● REQUIREMENT
Leave the pictures out while you restate every entry below word for word.

● INFORMATION GIVEN

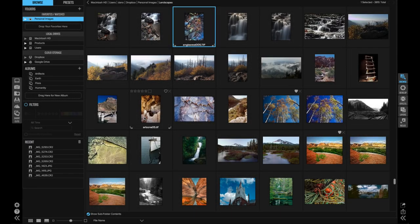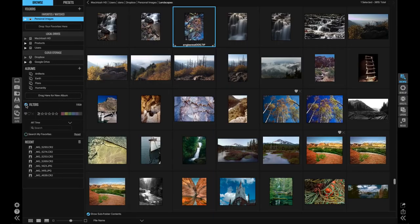Let's look at some of the filtering and searching features in OnOne Photo Raw. The Filters pane in Browse is where you can get started. First, I'm going to turn it on. You can also use Command F on a Mac or Control F on Windows to search anytime. In Photo Raw, you can filter down to whatever you want to view right in Browse.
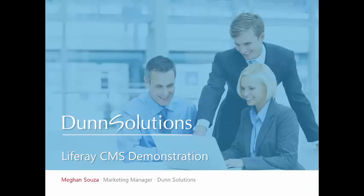Hello everyone and welcome to today's demo going over the CMS functionality of Liferay Portal Technology. I'm Megan Souza, Marketing Manager here with Dunn Solutions.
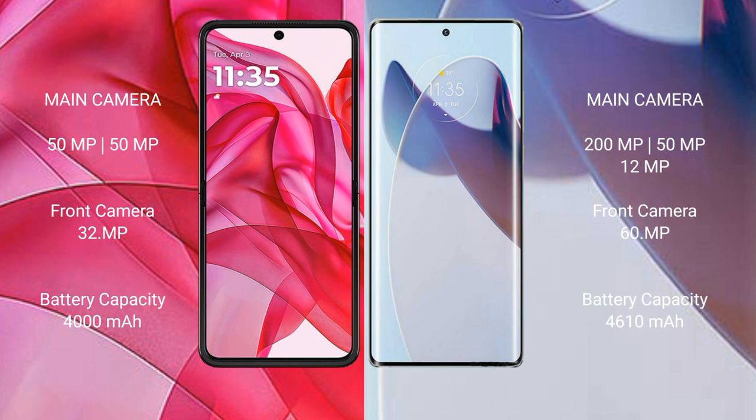The Motorola Razr 50 Ultra has a 4000mAh battery with 45W fast charging support. The Motorola Moto X30 Pro has a 4610mAh battery with 125W fast charging support.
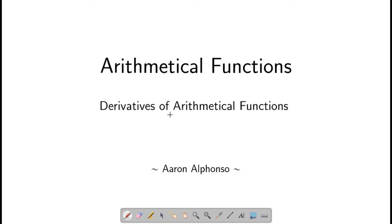In this session we will look at the derivatives of arithmetical functions. We will try to define what we mean by a derivative of an arithmetical function, and we will show that given this definition it satisfies the properties of the derivative which you are familiar with.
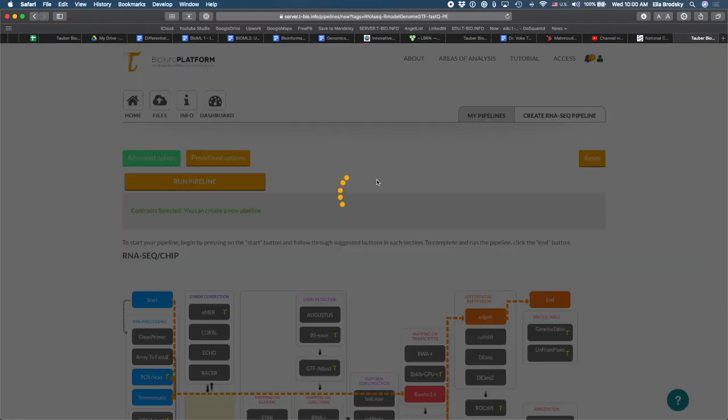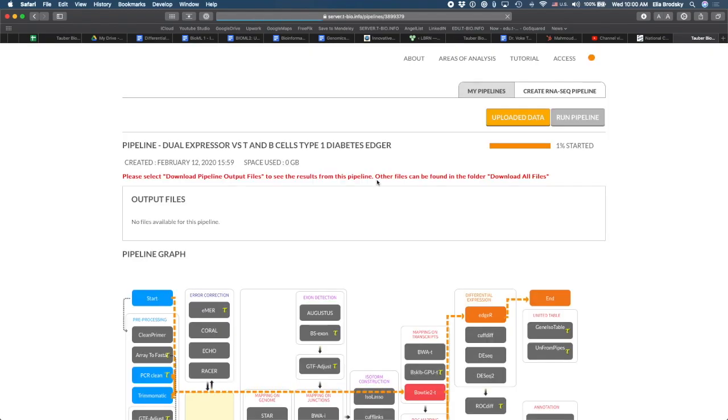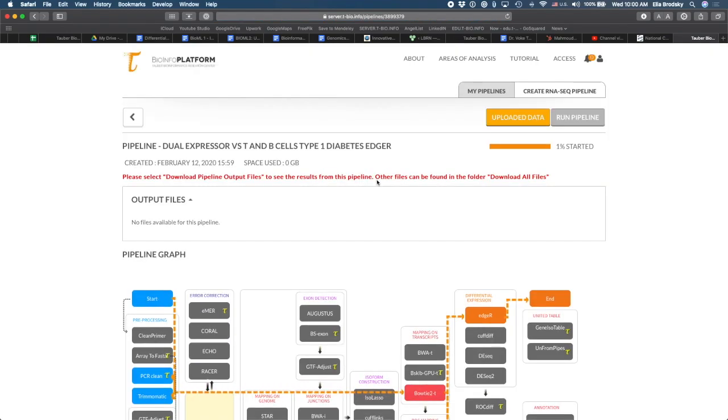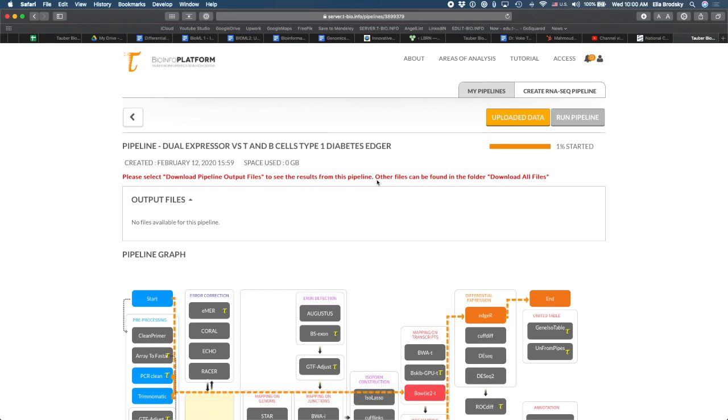Now when this pipeline finishes running, you will see that the files have been uploaded directly from NCBI, from the SRA archive and directly uploaded on the platform and also saved under your account so you can use them later on. That's it for today. And thanks again for checking in.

● RESPONSE
Let's look at some of the filtering and searching features in OnOne Photo Raw. The Filters pane in Browse is where you can get started. First, I'm going to turn it on. You can also use Command F on a Mac or Control F on Windows to search anytime. In Photo Raw, you can filter down to whatever you want to view right in Browse.
Hello everyone and welcome to today's demo going over the CMS functionality of Liferay Portal Technology. I'm Megan Souza, Marketing Manager here with Dunn Solutions.
The Motorola Razr 50 Ultra has a 4000mAh battery with 45W fast charging support. The Motorola Moto X30 Pro has a 4610mAh battery with 125W fast charging support.
In this session we will look at the derivatives of arithmetical functions. We will try to define what we mean by a derivative of an arithmetical function, and we will show that given this definition it satisfies the properties of the derivative which you are familiar with.
Now when this pipeline finishes running, you will see that the files have been uploaded directly from NCBI, from the SRA archive and directly uploaded on the platform and also saved under your account so you can use them later on. That's it for today. And thanks again for checking in.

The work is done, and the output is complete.